Device Tiers and SLOs¶
The device tier is the contract a checkpoint promises a device. Fitting the declared tier is a hard gate for release checks, while model quality gates are measured separately.
Param ranges map existing OpenMed size labels and are illustrative pending manifest generation. The gate reads the manifest's real param_count, not the tier word or the exact M-counts below.

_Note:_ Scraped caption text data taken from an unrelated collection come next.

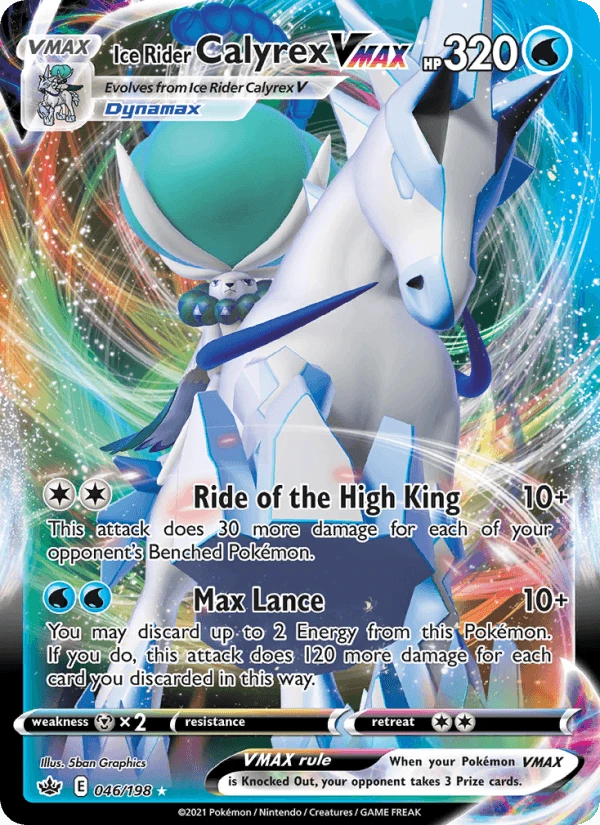 Ice Rider Calyrex Vmax #46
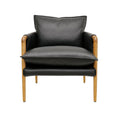 Saddle leather armchair - Black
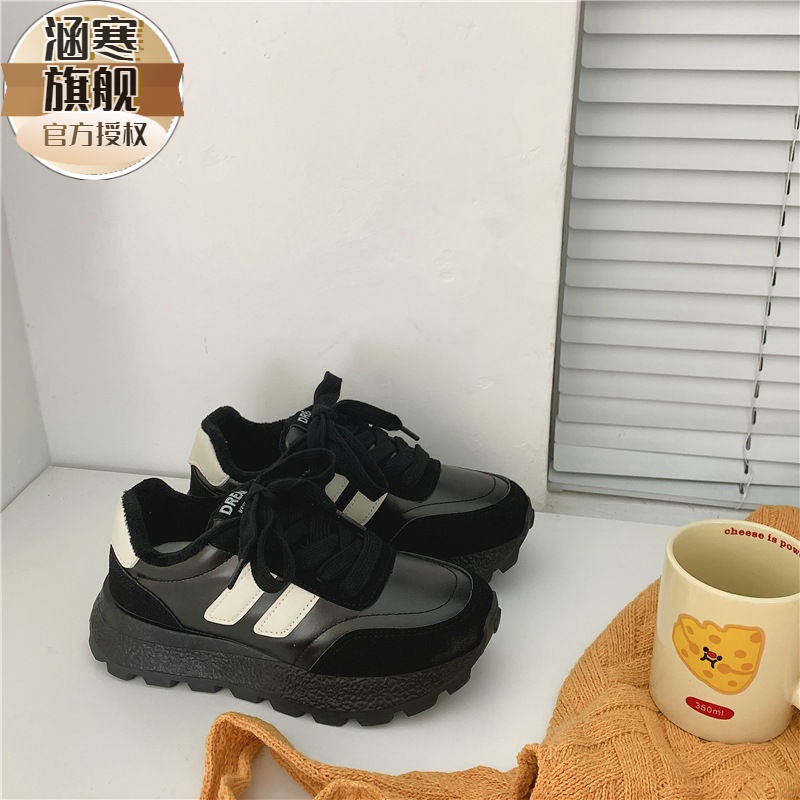 美式复古棉鞋女阿甘鞋冬季2023新款德训鞋加绒ins百搭小众运动鞋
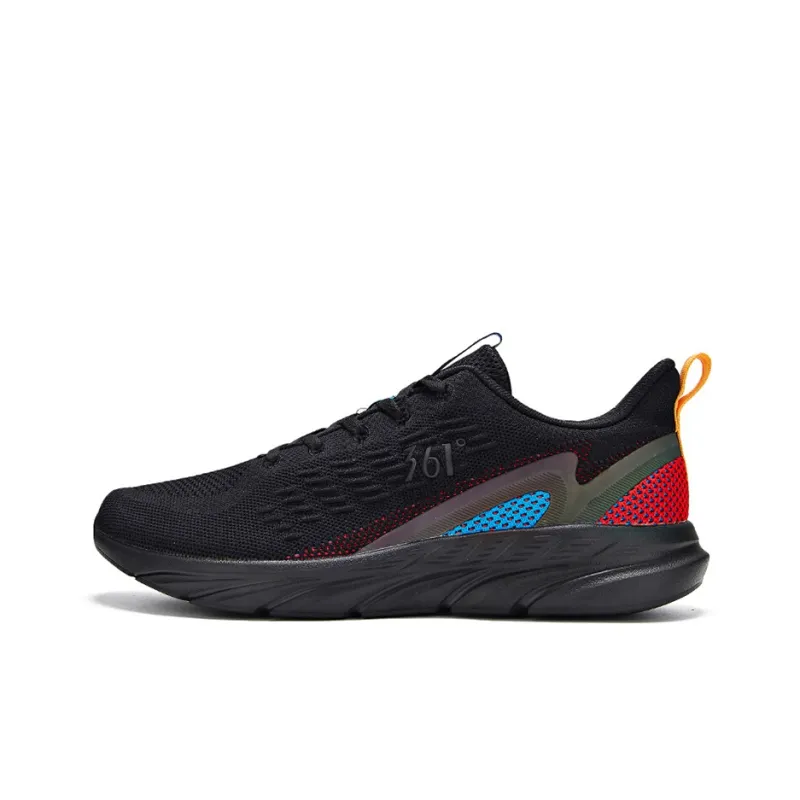 361° Running Shoes Men Low Top Black/Blue/Red-0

| Tier | Param range (illustrative) | Existing sizes | Reference device | Target RAM (resident) | Target latency (p50 / p95, ~1 page) | Default format |
|---|---|---|---|---|---|---|
| Tiny (default mobile; incl. distilled Nano floor) | ~10–135M (Nano 10–30M distilled; Small-44M, LiteClinical-66M) | Small/Lite | Phone / tablet (Apple Silicon), embedded | ≤ 350 MB (Nano ≤ 150 MB) | ≤ 60 ms / ≤ 150 ms (Nano ≤ 25 / ≤ 60 ms) | INT8 (MLX-8bit / CoreML) |
| Base (laptop default) | ~135–280M (Base-125/135/184M, TinyMed-135M) | Base | Laptop CPU, modest GPU | ≤ 900 MB | ≤ 150 ms / ≤ 400 ms | INT8 (FP fallback) |
| Large (workstation) | ~430–570M (SuperClinical-434M, ~568M) | Large | Workstation GPU | ≤ 4 GB | ≤ 250 ms / ≤ 800 ms | FP16 (INT8 if recall holds) |
| Accurate / XLarge (server) | ~600M+ / MoE (incl. ~1.4B privacy-filter) | XLarge / MoE | Server GPU | ≤ 8 GB (MoE) | ≤ 400 ms / ≤ 1200 ms | FP16 (INT8 if recall holds) |
Machine-Readable Budgets¶
openmed.eval.tiers.TIERS is the machine-readable SLO source for gate harnesses. It exposes four named rows: Tiny, Base, Large, and Accurate-XLarge. Each row carries:
| Field | Meaning |
|---|---|
ram_mb_max | Maximum resident RAM budget for the tier. |
p50_ms_max | Maximum p50 latency budget for approximately one page. |
p95_ms_max | Maximum p95 latency budget for approximately one page. |
default_format | Default release artifact format for the tier. |
The Large and Accurate-XLarge RAM values are represented as 4096 MB and 8192 MB in code.
Notes¶
- Tier ≠ tier word across families ("Large" = 434M for token-class NER but ~459–568M elsewhere; "Base" = 184M or 220M depending on family). The manifest carries the real
param_count; tier words on cards are descriptive only. - Nano is a distillation target folded into the Tiny tier, not a separate scheme.
- Default selection off the manifest's
tier: Tiny on mobile, Base on laptop, Large/Accurate only when the caller opts in or recall demands it. - The latency/RAM budgets above are the single per-tier SLO source; the §3 engine and §7 gates reference this table, not separate numbers.